Créatrice sur mesure de maroquinerie et de corseterie, Corinne nous reçoit autour d’une grande table, jonchée de patrons et de chutes de peaux.
Le petit atelier est agréable, malgré sa situation — ce garage dont, nous confie Corinne, elle espère bien « sortir un jour ». Une bougie se consume sur une étagère, des paroles de sagesse s’affichent sur les murs de moellons. Un lieu paisible et harmonieux, à l’image du nom, « Âme jumelle », choisi par la créatrice.
Nous sommes à l’est de Bressuire et dédions nos dernières foulées à une église, du même côté de la ville. C’est aussi son nom qui nous l’a fait repérer : Saint-Sauveur-de-Givre-en-Mai. Quelle histoire intrigante, quel récit fabuleux peut cacher un tel vocable ?
Un panneau nous répond, sous la forme d’une légende médiévale. En mai 732, Charles Martel arrêta les Sarrasins au nord de la Vienne. De la grande armée musulmane, il ne restait qu’un petit groupe de combattants, réfugiés dans l’église Saint-Sauveur.
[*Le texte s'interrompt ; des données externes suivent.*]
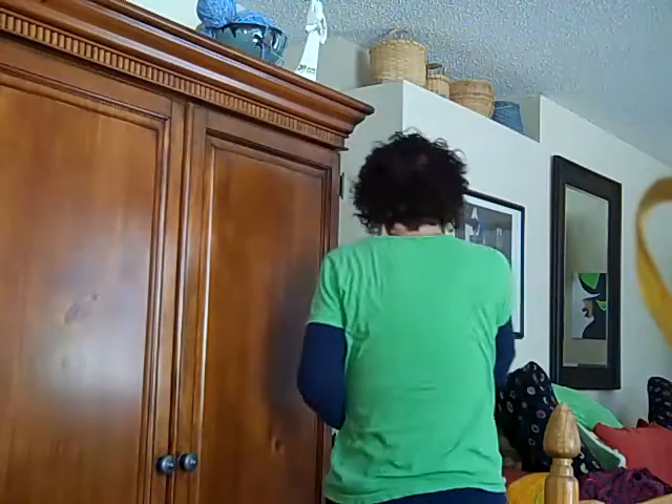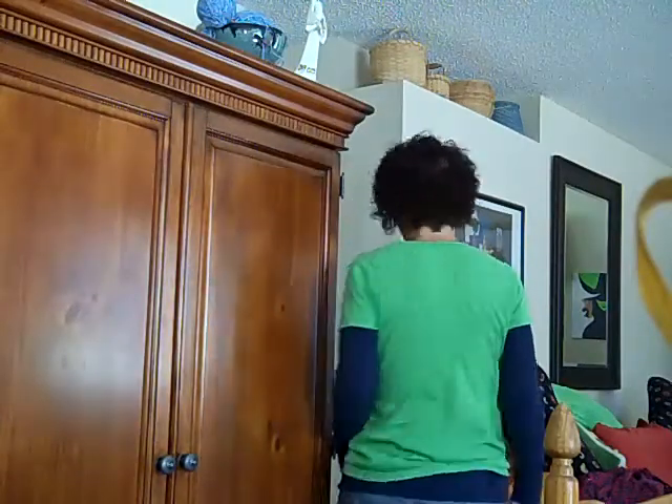So I'm going to try to back up and give you a full body shot. That's what I look like from the front, from the side, the back, and the other side.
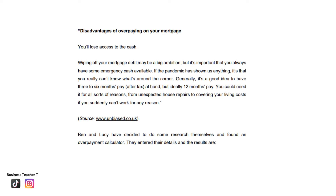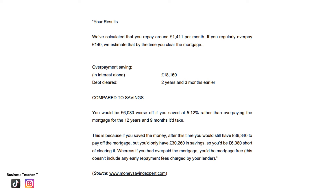Ben and Lucy found an overpayment calculator and entered their details. Results: their current repayment is approximately £1,411 per month. If they regularly overpay by £140, they could save £18,160 in interest alone and clear the debt two years and three months earlier. Compared to saving at 5.12%, they would be £6,080 worse off if they saved rather than overpaid — after 12 years and 9 months, they would still owe £36,340 on the mortgage but would only have £30,260 in savings, leaving a £6,080 shortfall. If they had overpaid instead, they would be mortgage-free.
Ils promirent de se rendre s’il givrait le lendemain. Au petit jour, miracle ! Le givre se forma. Fidèles à leur parole, les Sarrasins déposèrent les armes. Ainsi se forgèrent l’une des plus jolies traditions et l’un des plus beaux noms du Poitou.
Le givre nous épargne, en ce doux mois d’octobre. Non la pluie dont nous sentons les premières gouttes, sur le parvis de l’église. Elle vient avec la nuit qui ternit la campagne. Il est temps de défaire nos souliers de marche.